## What you need to do
Give back every line of the material exactly. Skip the pictures.

*** Source material Section Begins ***

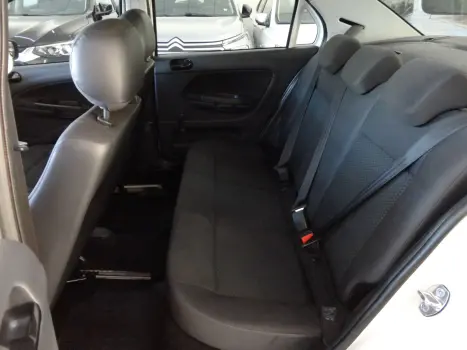 VOLKSWAGEN Voyage 1.0 4P FLEX, Foto 11 VOLKSWAGEN Voyage 1.0 4P FLEX, Foto 11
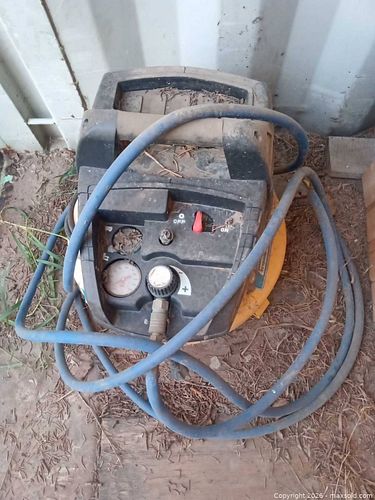 Campbell Hausfeld 2 HP 4-Gallon Air Compressor, 120V (1 of 3)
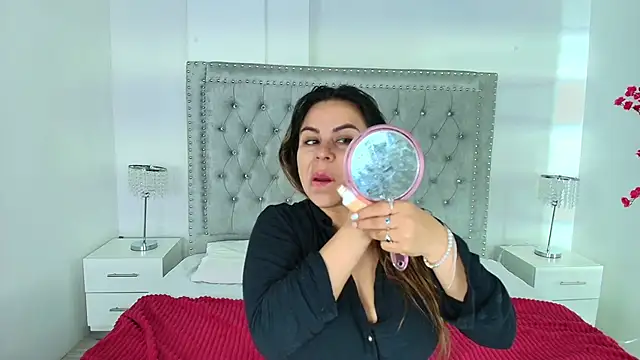 Snapshot of Lia_adamsss chatting on 10-02-25, 01:23 Lia adamsss online show from 10-02-25, 01:23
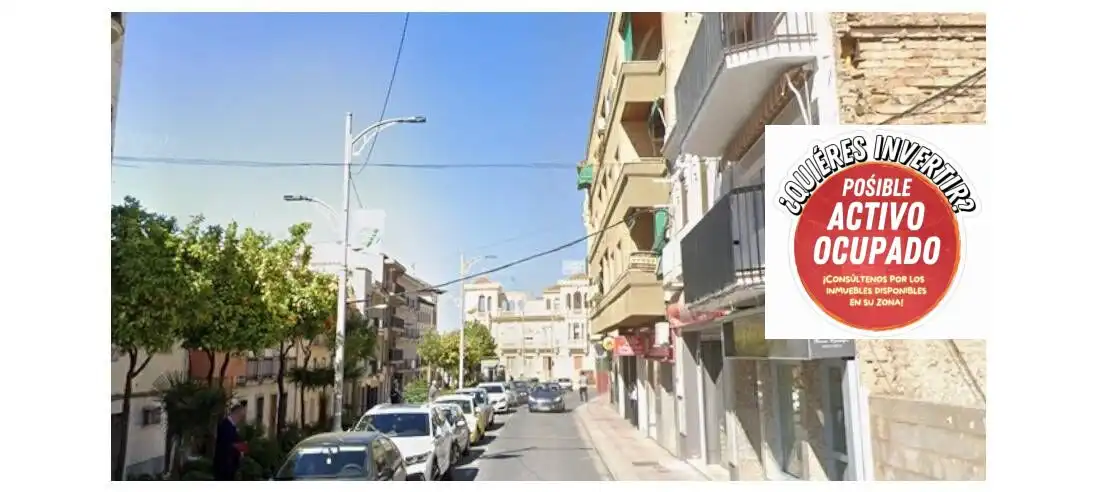 Vista exterior de Piso en venta en Pinos Puente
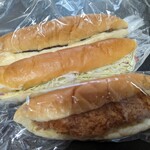 まるき製パン所 - 手前からフィッシュバーガー、ハムロール、あんバターサンド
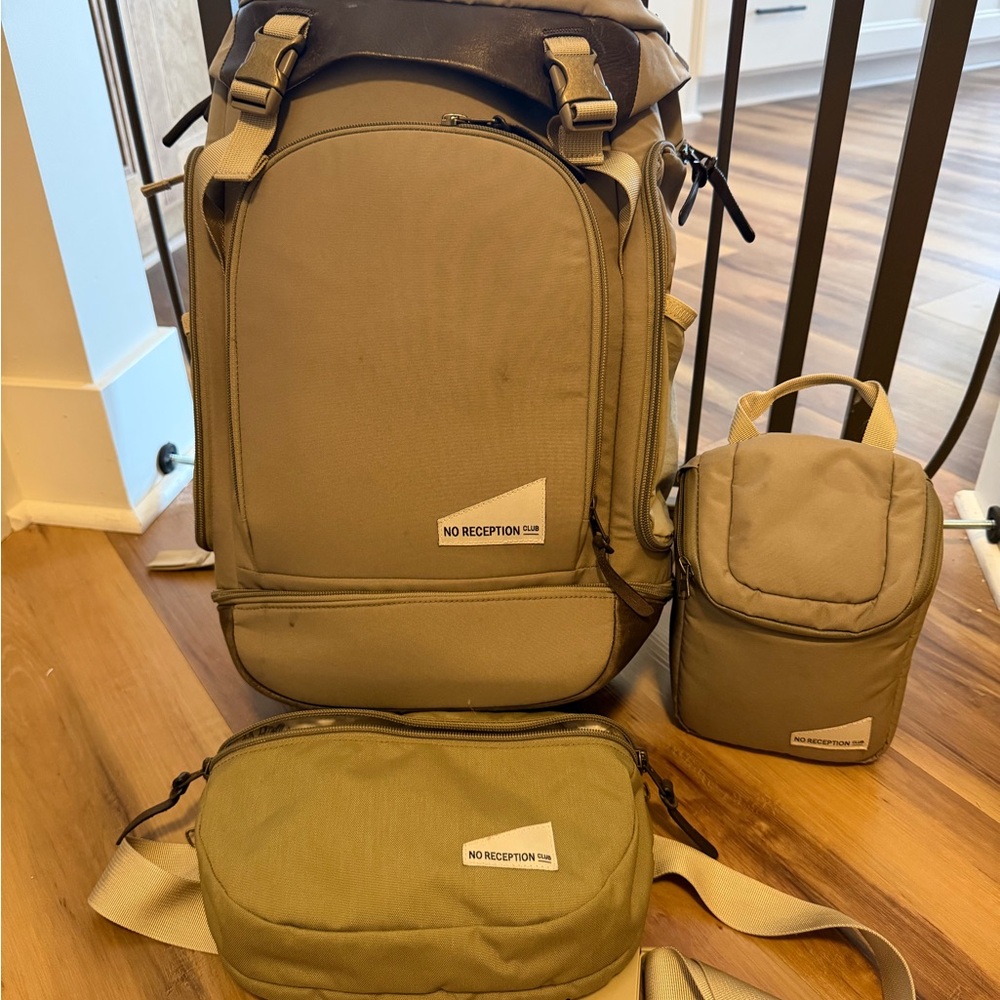 No reception club getaway bag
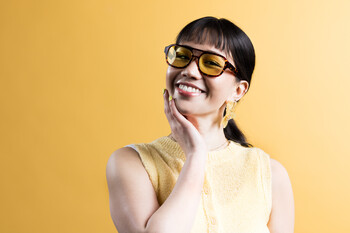 https://az.prshots.es/contents/archives/4214/1682/images/thumb350x287_auto/iolla-arran-sunglasses-with-sunbeam-lenses_thumb.jpg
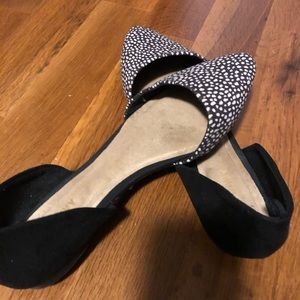 Pointed toe flats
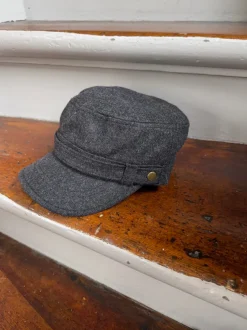 Design By Si Myra kasket med detaljer - Grå Discount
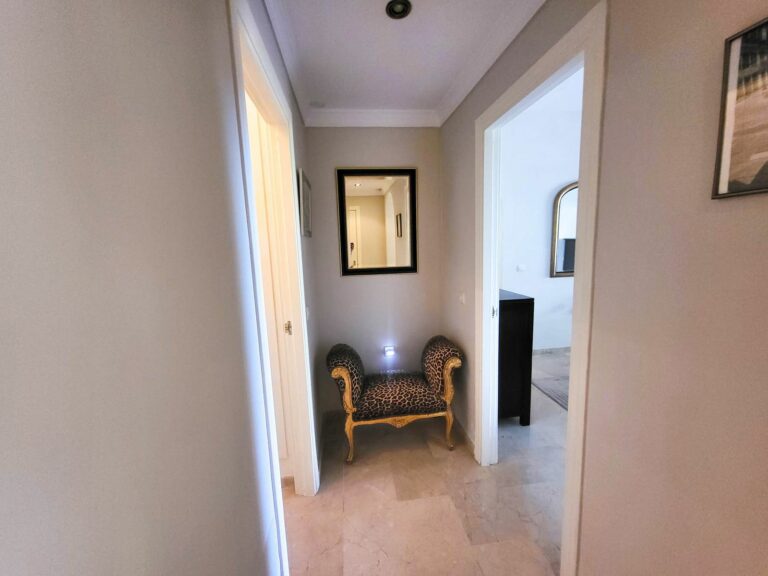 a90a3d160e1a65bc2e4e7d03fffe261c - 14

*** Source material Section Ends ***

## Answer area
 VOLKSWAGEN Voyage 1.0 4P FLEX, Foto 11 VOLKSWAGEN Voyage 1.0 4P FLEX, Foto 11
 Campbell Hausfeld 2 HP 4-Gallon Air Compressor, 120V (1 of 3)
 Snapshot of Lia_adamsss chatting on 10-02-25, 01:23 Lia adamsss online show from 10-02-25, 01:23
 Vista exterior de Piso en venta en Pinos Puente
 まるき製パン所 - 手前からフィッシュバーガー、ハムロール、あんバターサンド
 No reception club getaway bag
 https://az.prshots.es/contents/archives/4214/1682/images/thumb350x287_auto/iolla-arran-sunglasses-with-sunbeam-lenses_thumb.jpg
 Pointed toe flats
 Design By Si Myra kasket med detaljer - Grå Discount
 a90a3d160e1a65bc2e4e7d03fffe261c - 14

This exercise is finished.